After one of the only sponsored organizations in North America, CR4ZY released all of its esports rosters on October 5. Notable people in the Dota 2 pro scene have aired their concerns regarding Valve’s inability to sustain the competitive scene. They have also condemned the subsequent silence by Valve since a solitary statement by them in early September.
Dota 2 Needs a Healing Salve From Valve!
With more and more teams disbanding or getting released from sponsored organizations, players and talent are getting more disappointed and uncertain about their future.
Dota 2 as a game is “dying” according to ex-CR4ZY support player David "MoonMeander" Tan. After CR4ZY officially announced their exit from the professional scene, MoonMeander thanked the organization for their dedication and pointed out at the disruption of DPC due to Covid-19. In a reply to his previous tweet, he lamented the impotence of Valve to organize any Dota 2 tournament for the rest of 2020 in the North American scene despite receiving a humongous sum of $120,000,000 from the Battle Pass. He also points out at the vague future of DPC 2020-21 as Valve had just mentioned in its statement in September that it will likely resume in Jan-Feb 2021.

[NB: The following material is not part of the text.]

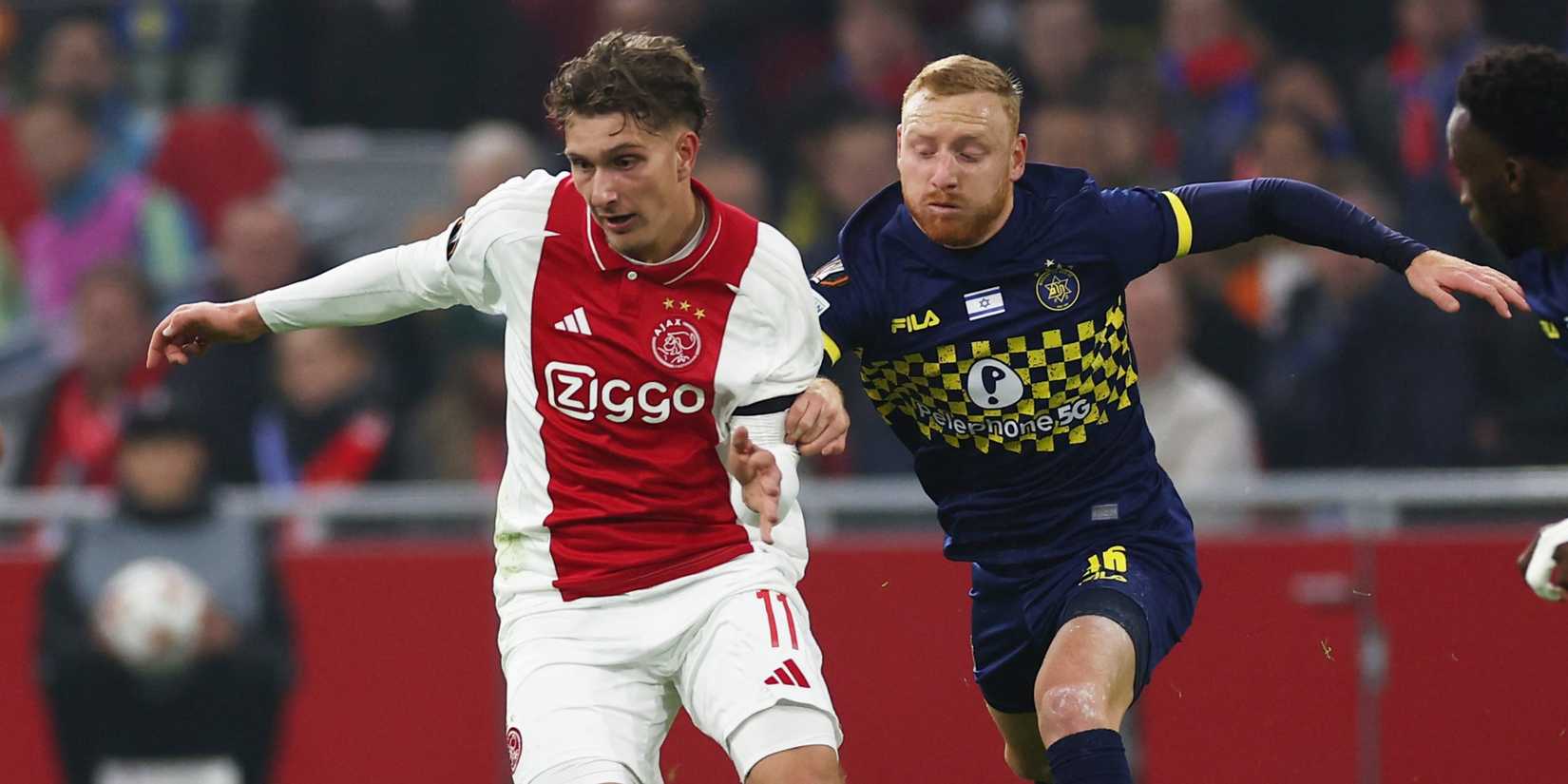 Mika-Godts-Ajax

He further asked people to speak up about this matter and mentions the possibility of the professional scene of Dota 2 dying like the Heroes of Newerth.
Renowned caster Austin "Capitalist" Walsh replied to MoonMeander’s statements by saying that the break caused due to the pandemic was an opportunity to introduce an innovative Dota Pro Circuit (DPC) but nothing has happened since then.

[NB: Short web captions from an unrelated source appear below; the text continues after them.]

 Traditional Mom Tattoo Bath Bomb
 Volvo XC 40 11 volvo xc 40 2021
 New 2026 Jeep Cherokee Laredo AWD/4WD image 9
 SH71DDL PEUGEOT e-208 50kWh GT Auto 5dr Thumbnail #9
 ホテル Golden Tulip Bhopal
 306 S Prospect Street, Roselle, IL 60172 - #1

Maurice "KheZu" Gutmann also expressed his dissatisfaction with Valve over no help to the Dota 2 scene, especially in North America where only one sponsored team exists now ie. Evil Geniuses. Lack of money and sponsors, no LAN events and minimal online tournaments were his concerns. He also thanked BeyondTheSummit for hosting online leagues during the past months.
Host Alan "Nahaz" Bester asserted that the reason for such a dismal looking competitive scene was not only because of the pandemic. He insisted that Valve needed to step up in order to support more Dota 2 organizations.

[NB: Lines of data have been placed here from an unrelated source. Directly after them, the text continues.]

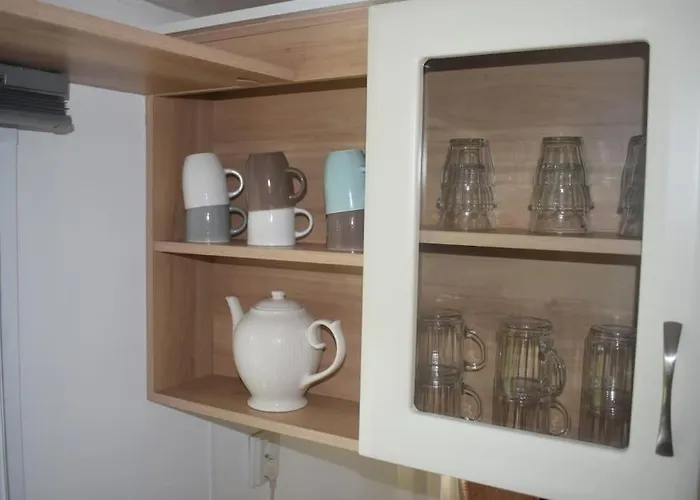 Semesterbostad Onder De Eik Epe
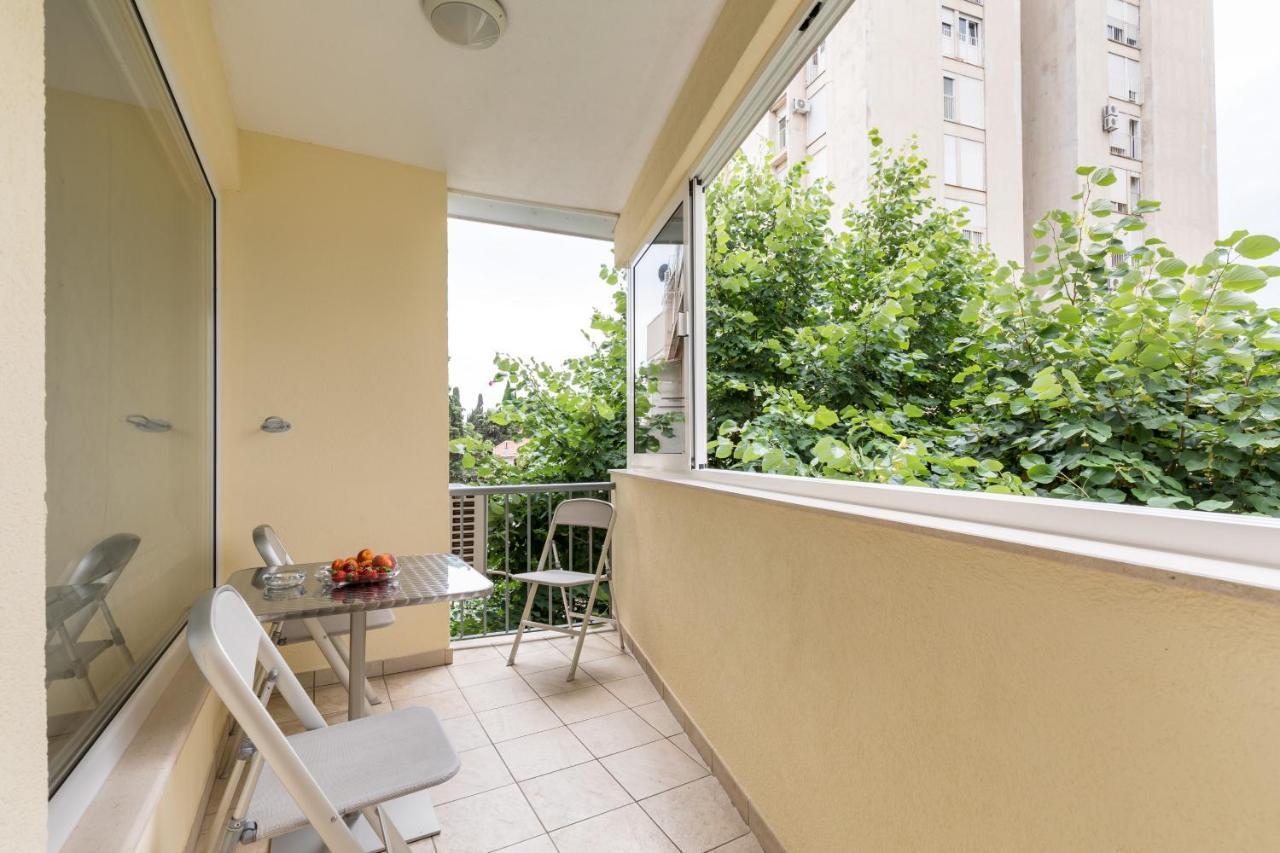 Miaa Apartment Split
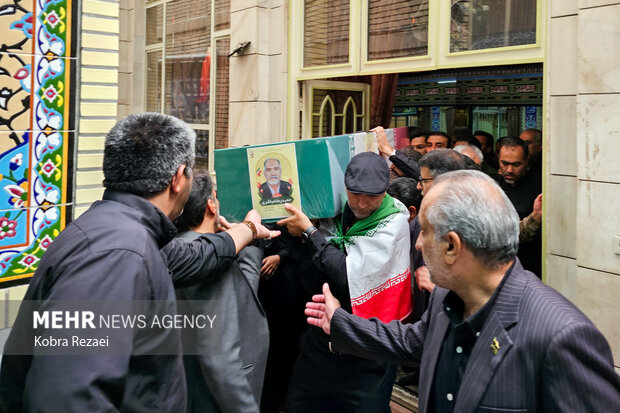 تشییع پیکر جانباز شهید «حمیدرضا مباشری» در مشهد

Havan Liberty’s coach Astini again pointed out the lack of support from Valve in the NA/SA scene. He had earlier called out Valve for not organizing tournaments in the Americas region after Havan Liberty’s exit from BTS Pro Series Season 3: Americas.
A number of people involved in the competitive scene have now voiced their opinions against Valve for their explicit ignorance for the upliftment and survival of Dota 2. They have also put forward their belief that people who raise their voices against Valve have been snubbed and it is high time that everybody gets together for the betterment of the game and its scene.
Considering the fact that third party tournament organizers like BeyondTheSummit, ESL, and WePlay! can organize online leagues while Riot Games can hold the League of Legends World Championship in an LAN setting, Valve’s reluctance to restart the DPC season certainly does reflect poorly.
Valve has made close to $120 Million USD with their TI10 Battle Pass. Unfortunately, they’ve not supported the professional esports scene in a meaningful way since they shut down the DPC way back in March.
It is high time when Valve needs to pull its socks up and actually contribute to the professional scene of Dota 2 so that there is certainty regarding player income, a well-rounded scene for the talent and some high intense and competitive Dota 2 action for the fans.